Nothing before the line containing "Maitinimo kėdutė su" belongs in the answer; quote that line and all lines after it through the end of the material, word for word.

+ + +

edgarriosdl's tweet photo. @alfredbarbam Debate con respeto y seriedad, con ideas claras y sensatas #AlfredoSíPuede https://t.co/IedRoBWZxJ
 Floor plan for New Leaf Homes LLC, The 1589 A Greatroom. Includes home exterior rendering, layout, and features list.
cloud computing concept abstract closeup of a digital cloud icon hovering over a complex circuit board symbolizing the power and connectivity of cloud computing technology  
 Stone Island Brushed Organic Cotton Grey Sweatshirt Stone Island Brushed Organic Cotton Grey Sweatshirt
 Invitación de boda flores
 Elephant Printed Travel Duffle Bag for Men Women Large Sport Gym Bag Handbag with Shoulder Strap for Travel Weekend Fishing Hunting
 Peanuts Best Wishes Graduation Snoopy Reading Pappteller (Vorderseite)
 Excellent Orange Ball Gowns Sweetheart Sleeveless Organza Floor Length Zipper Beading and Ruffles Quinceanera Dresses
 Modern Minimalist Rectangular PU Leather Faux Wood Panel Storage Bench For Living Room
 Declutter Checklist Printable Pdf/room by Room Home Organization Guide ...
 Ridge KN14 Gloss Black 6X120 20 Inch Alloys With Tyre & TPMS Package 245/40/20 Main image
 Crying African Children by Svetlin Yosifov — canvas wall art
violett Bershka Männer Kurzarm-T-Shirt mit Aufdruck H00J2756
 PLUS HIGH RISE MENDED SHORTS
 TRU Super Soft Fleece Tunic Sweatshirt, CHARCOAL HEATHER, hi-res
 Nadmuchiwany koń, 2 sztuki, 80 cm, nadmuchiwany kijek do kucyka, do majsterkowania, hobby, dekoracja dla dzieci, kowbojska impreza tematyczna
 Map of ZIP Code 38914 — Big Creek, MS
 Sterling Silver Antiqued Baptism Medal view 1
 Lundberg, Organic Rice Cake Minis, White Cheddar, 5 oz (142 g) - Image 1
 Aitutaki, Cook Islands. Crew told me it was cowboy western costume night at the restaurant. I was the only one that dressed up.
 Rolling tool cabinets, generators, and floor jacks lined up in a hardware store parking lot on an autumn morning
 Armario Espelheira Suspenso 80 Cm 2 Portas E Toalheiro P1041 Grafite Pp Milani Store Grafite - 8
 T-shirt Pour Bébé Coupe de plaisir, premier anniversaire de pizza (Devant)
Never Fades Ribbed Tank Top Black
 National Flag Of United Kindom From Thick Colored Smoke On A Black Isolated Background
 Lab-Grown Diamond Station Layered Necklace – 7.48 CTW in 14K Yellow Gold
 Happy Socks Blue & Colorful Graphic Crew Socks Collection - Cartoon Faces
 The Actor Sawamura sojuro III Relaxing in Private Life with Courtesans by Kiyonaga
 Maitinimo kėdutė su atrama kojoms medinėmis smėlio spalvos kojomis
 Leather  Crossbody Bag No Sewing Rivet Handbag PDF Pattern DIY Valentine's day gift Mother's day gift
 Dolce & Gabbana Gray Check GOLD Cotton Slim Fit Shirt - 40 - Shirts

+ + +

Exercise result:
 Maitinimo kėdutė su atrama kojoms medinėmis smėlio spalvos kojomis
 Leather  Crossbody Bag No Sewing Rivet Handbag PDF Pattern DIY Valentine's day gift Mother's day gift
 Dolce & Gabbana Gray Check GOLD Cotton Slim Fit Shirt - 40 - Shirts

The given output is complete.